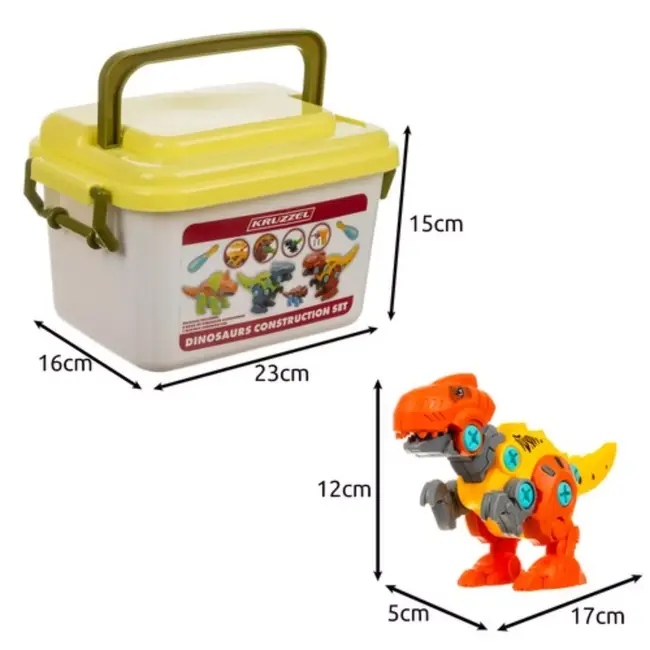 Kruzzel Dinosaurus Constructieset - 4-in-1 Bouwplezier - Met Schroevendraaier & Koffer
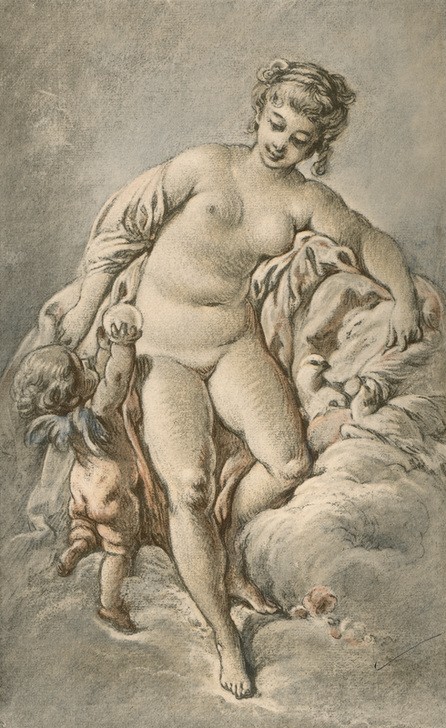 Francois Boucher, Venus mit der Taube (Apfel,Erotik,Frau,Liebe,Mythologie,Taube,Vogel,Schönheit,Akt,Rokoko,Portrait,Französische Kunst,Göttin,Junge Frau,Ganzfigurig,Griechisch-Römische Mythologie,Symbolik)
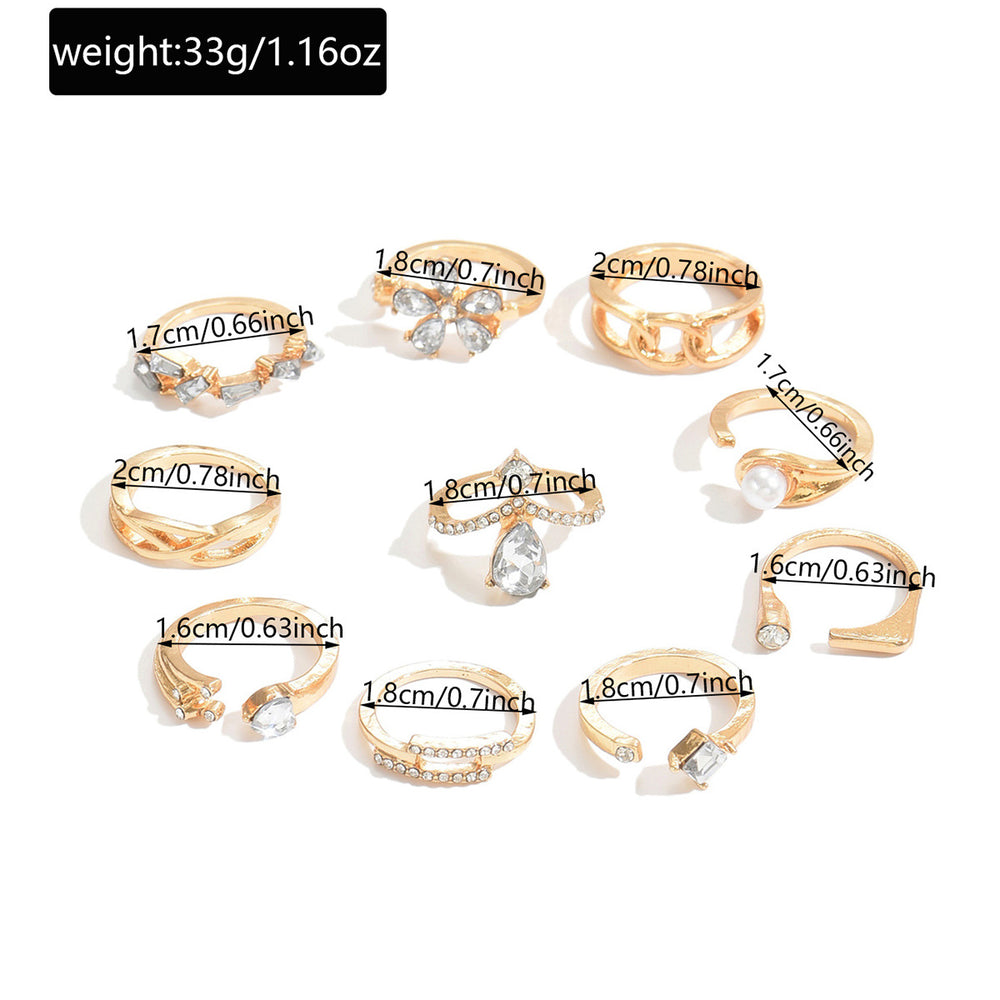 European and american cross-border luxury floral teardrop diamond ring set - unique geometric stackable knuckle rings for women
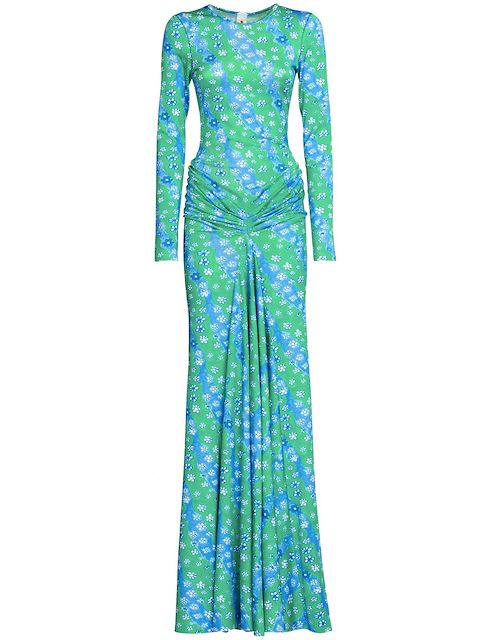 Marni floral-print ruched maxi dress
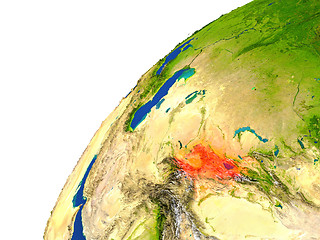 Image showing Country of Kyrgyzstan satellite view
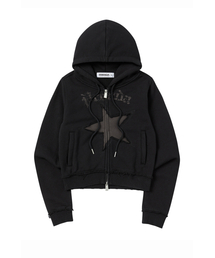 STAR CUT-OFF HOOD ZIP-UP BLACK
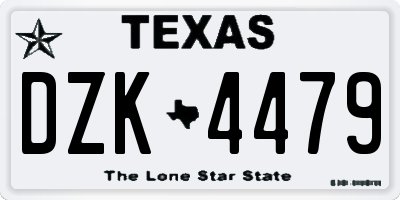 TX license plate DZK4479
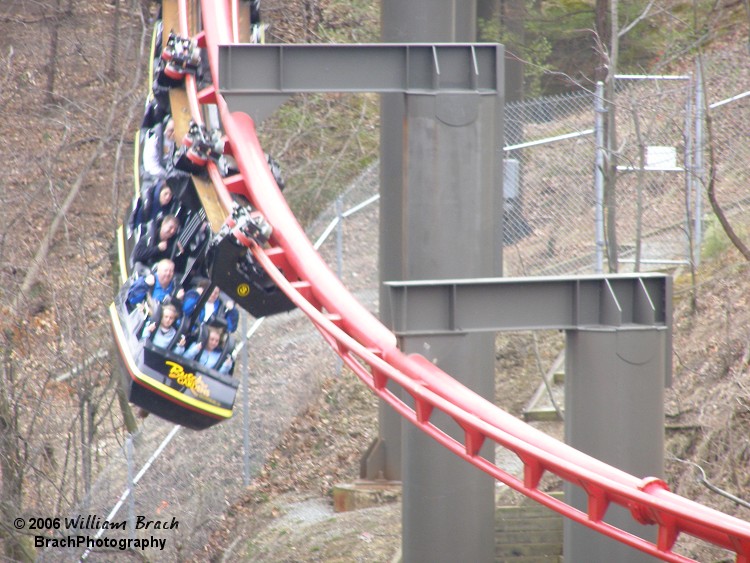 Closeup shot of the train in the Rhine Drop.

=-=-=-=-=

Copy each line of the material above exactly, but not the images.

 Kruzzel Dinosaurus Constructieset - 4-in-1 Bouwplezier - Met Schroevendraaier & Koffer
 Francois Boucher, Venus mit der Taube (Apfel,Erotik,Frau,Liebe,Mythologie,Taube,Vogel,Schönheit,Akt,Rokoko,Portrait,Französische Kunst,Göttin,Junge Frau,Ganzfigurig,Griechisch-Römische Mythologie,Symbolik)
 European and american cross-border luxury floral teardrop diamond ring set - unique geometric stackable knuckle rings for women
 Marni floral-print ruched maxi dress
 Image showing Country of Kyrgyzstan satellite view
 STAR CUT-OFF HOOD ZIP-UP BLACK
 TX license plate DZK4479
 Closeup shot of the train in the Rhine Drop.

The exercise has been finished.